Rush, C.J.
As technology advances, what was once the stuff of science fiction may enter the canon of constitutional law. Illustrating this in Carpenter v. United States, 585 U.S. —-, 138 S. Ct. 2206 (2018), the Supreme Court of the United States addressed a question concerning cell phone location information: When the State accesses a person’s historical cell-site location information (CSLI), has the State conducted a search under the Fourth Amendment?
The Court’s answer: generally, yes. Carpenter made clear that seven days’ or more worth of CSLI accessed constitutes a search—and also left open the possibility that accessing even fewer days of CSLI could constitute a search. This means that the State generally must obtain a warrant before procuring a person’s CSLI.
When it decided Carpenter, the Court also granted certiorari in the case before us, vacated our prior decision, and remanded the case to us for reconsideration in light of Carpenter. We ordered supplemental briefing and oral argument.
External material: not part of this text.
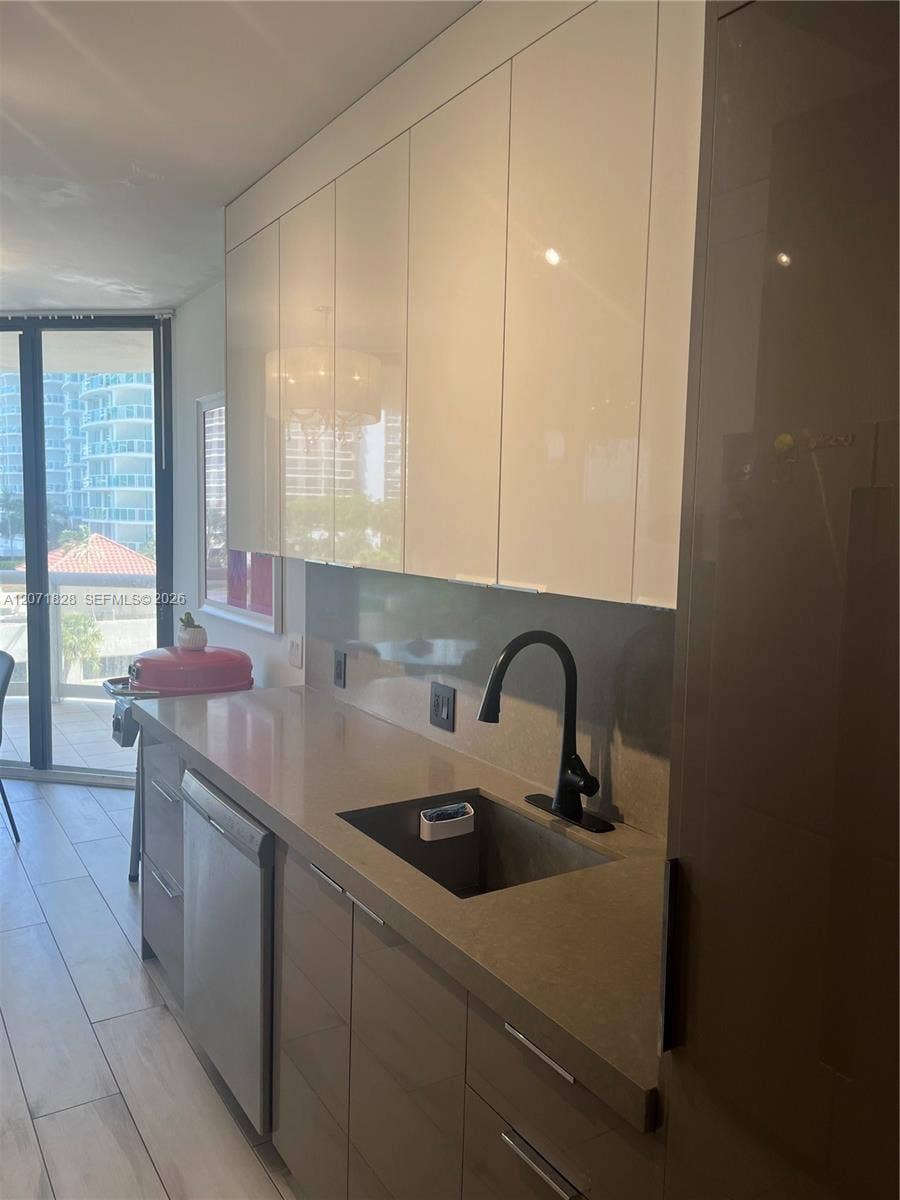 20191 E Country Club Drive, #503, Aventura, FL 33180 Photo 16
We now hold that accessing Marcus Zanders’s CSLI was a Fourth Amendment search under Carpenter, but even if the CSLI evidence should have been excluded, the error was harmless beyond a reasonable doubt. We thus affirm Zanders’s convictions.
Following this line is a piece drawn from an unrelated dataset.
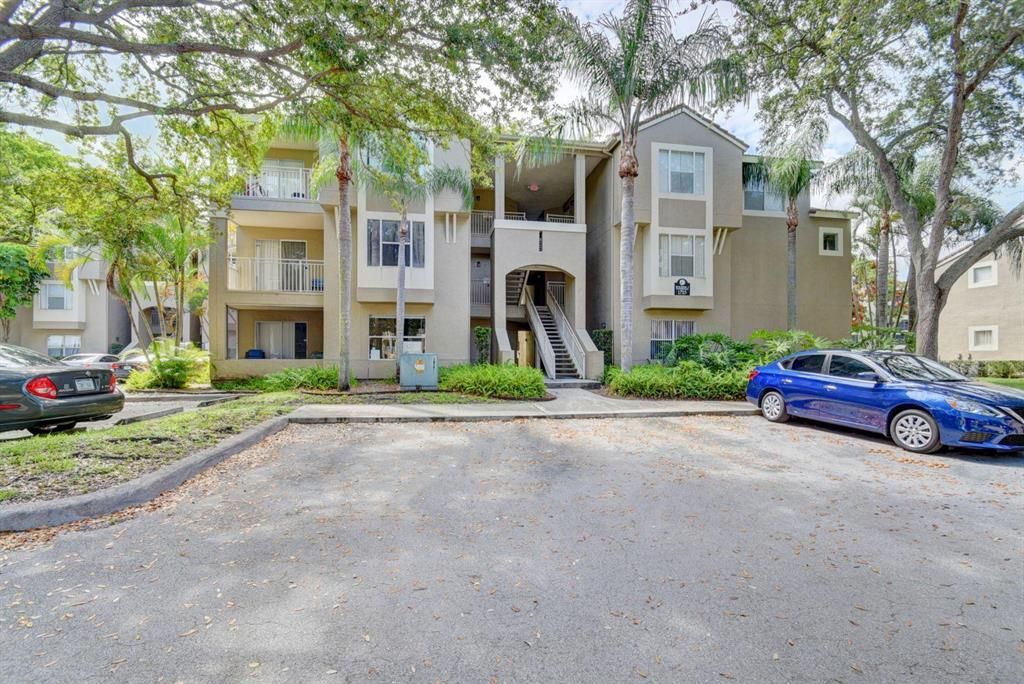 Photo of 1725 Palm Cove Boulevard #2-302, Delray Beach, FL 33445 (MLS # R10743324)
In the winter of 2015, police were investigating two armed robberies that had occurred less than one week apart at liquor stores in Dearborn County, Indiana.
The first one occurred around 9:17 p.m. on Saturday, January 31, at Whitey’s Liquor Store in Lawrenceburg, Indiana. A lone, masked man entered the store and pointed a black handgun at the store clerk, Kenny Butler. The man demanded cash from the register; Newport cigarettes; Patrón tequila; and the store’s phone, which he ripped apart. He ordered Butler to lie on the floor, and then left.
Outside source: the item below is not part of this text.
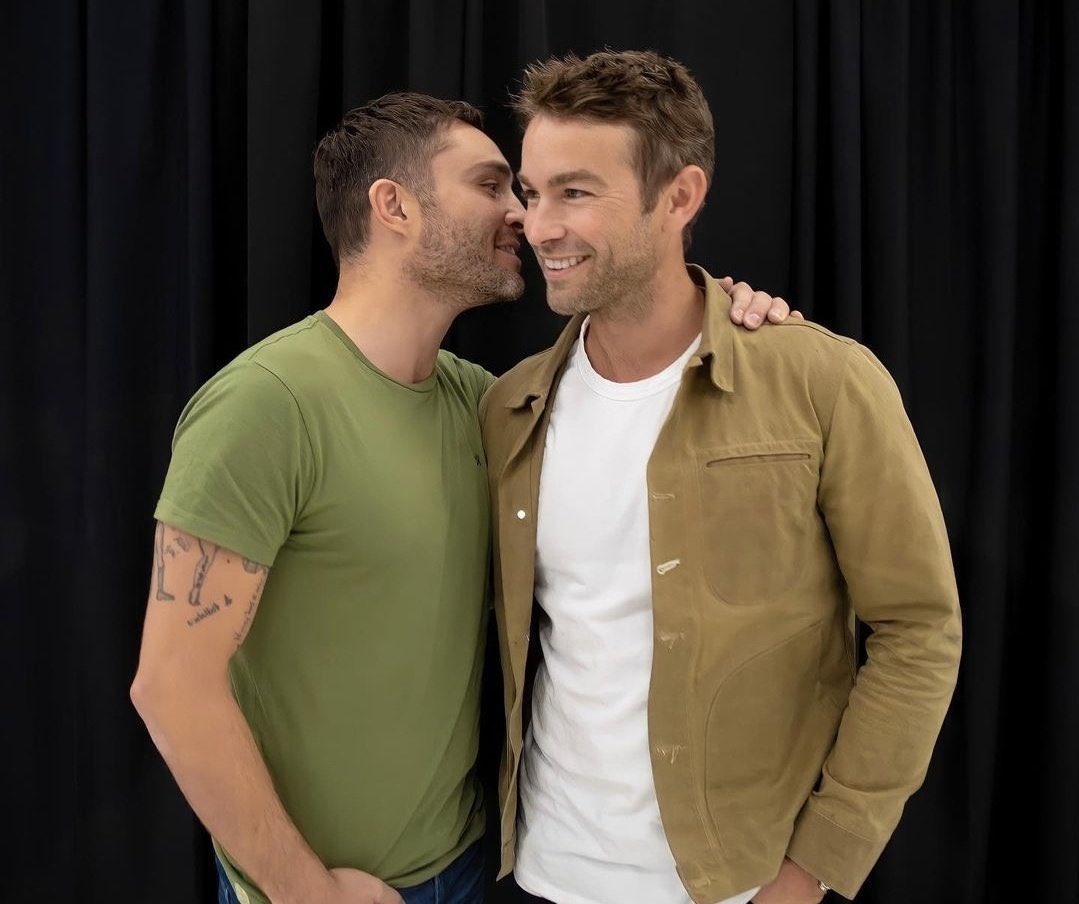 reunion de nate y chuck después de 10 años sin verse estoy en el piso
The second robbery occurred the following weekend at J & J Liquor in Dillsboro, Indiana. Around 9:26 p.m. on Friday, February 6, a lone, masked man entered the store and pointed a black handgun at the store’s two clerks, Danielle Pruitt and Lisa Huddleston. He demanded cash from the registers and whatever phones they had in the store. He took the cash and phones, ordered the clerks to lie on the floor, went to the store’s tequila section, and left. …
As part of their investigations, police interviewed eyewitnesses and reviewed the security-camera video footage from each robbery. …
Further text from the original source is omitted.